#### Input ####

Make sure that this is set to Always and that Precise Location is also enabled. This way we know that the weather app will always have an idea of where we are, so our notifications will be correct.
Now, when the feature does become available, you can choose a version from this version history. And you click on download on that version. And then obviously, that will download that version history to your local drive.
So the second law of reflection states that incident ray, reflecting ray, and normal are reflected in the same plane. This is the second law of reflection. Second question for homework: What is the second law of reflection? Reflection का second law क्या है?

####
#### Input ####

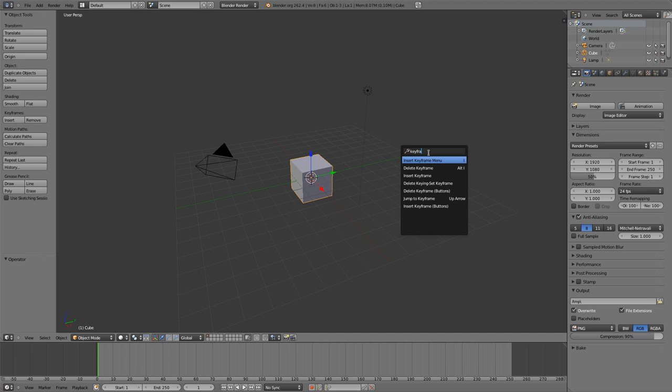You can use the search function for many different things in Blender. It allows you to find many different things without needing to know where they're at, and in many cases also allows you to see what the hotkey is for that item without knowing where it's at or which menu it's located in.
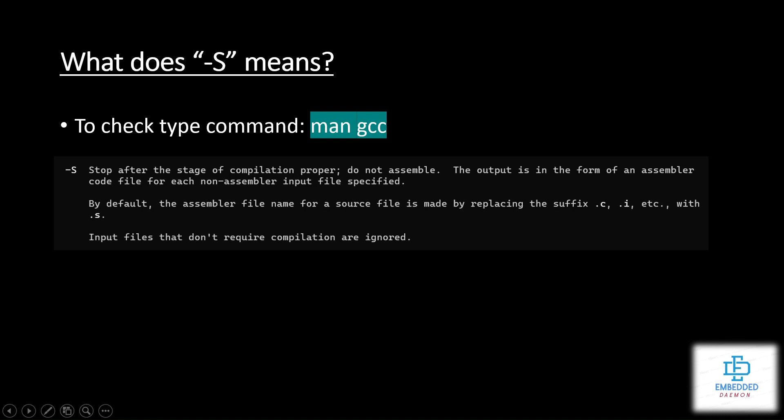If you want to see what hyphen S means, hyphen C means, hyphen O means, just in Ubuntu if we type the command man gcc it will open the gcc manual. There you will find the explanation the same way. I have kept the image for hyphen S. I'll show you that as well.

####
#### Input ####

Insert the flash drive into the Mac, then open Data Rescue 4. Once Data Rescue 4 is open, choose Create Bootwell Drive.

####

▸ **Work required**:
Within the records, the lines containing the string "choose" are to be counted and their number given without comment.

▸ **Written solution**:
2